# How to complete this task
Everything from the line with "Coquille de mer" to the line with "The tranquil beauty" in the listing below, both lines included, needs to be copied exactly, apart from the pictures.

# The records

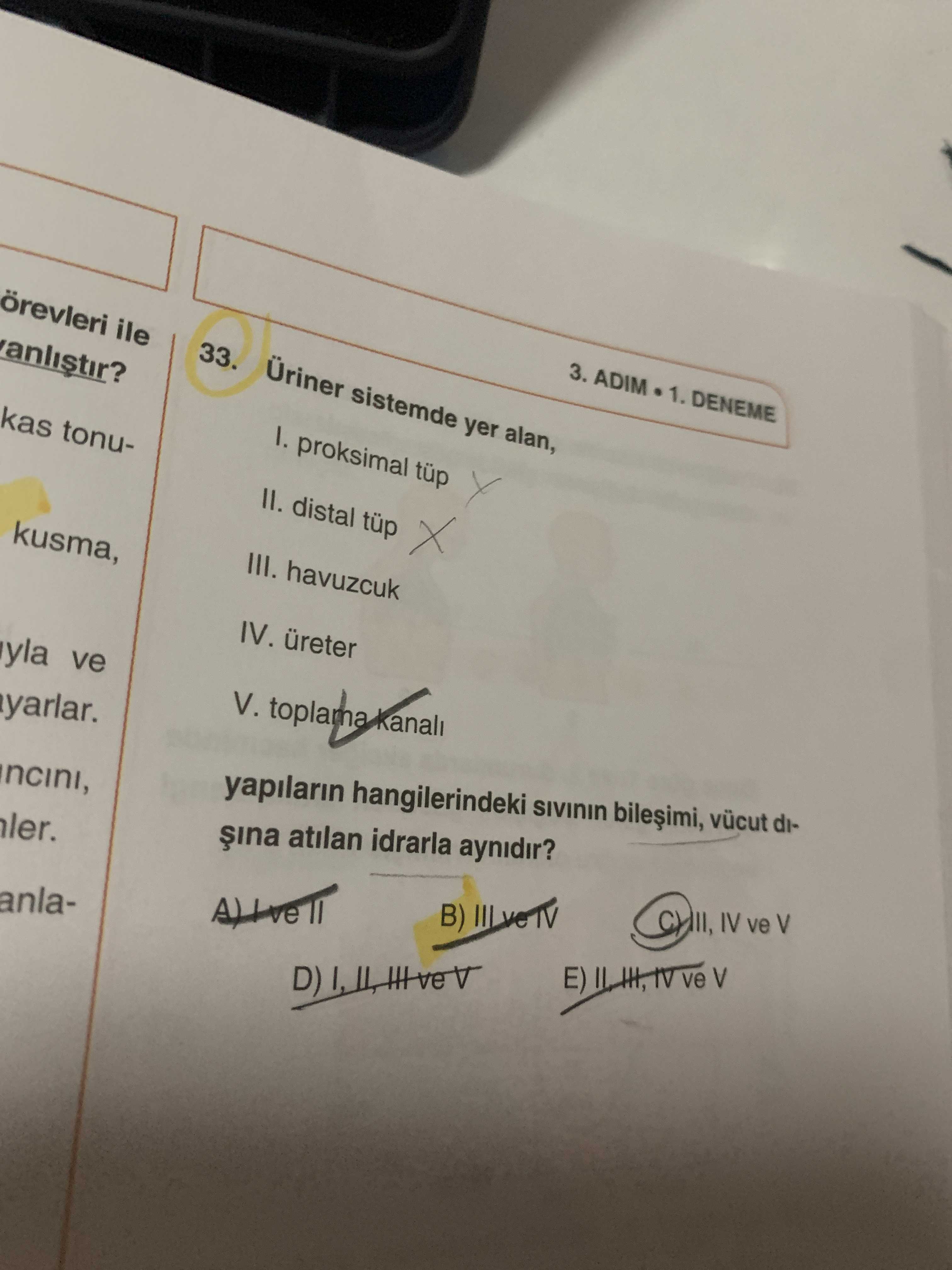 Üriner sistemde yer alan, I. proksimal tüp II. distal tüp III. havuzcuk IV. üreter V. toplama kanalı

...

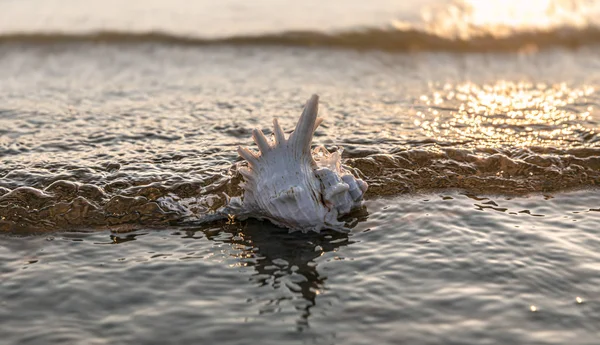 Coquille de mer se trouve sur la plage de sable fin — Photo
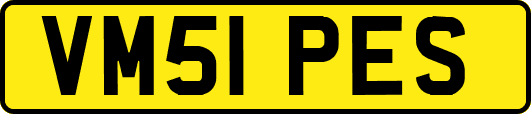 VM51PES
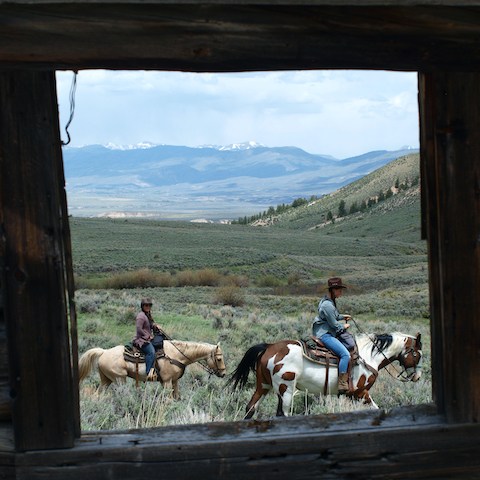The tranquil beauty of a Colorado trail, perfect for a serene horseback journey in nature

# Task result
 Coquille de mer se trouve sur la plage de sable fin — Photo
 VM51PES
The tranquil beauty of a Colorado trail, perfect for a serene horseback journey in nature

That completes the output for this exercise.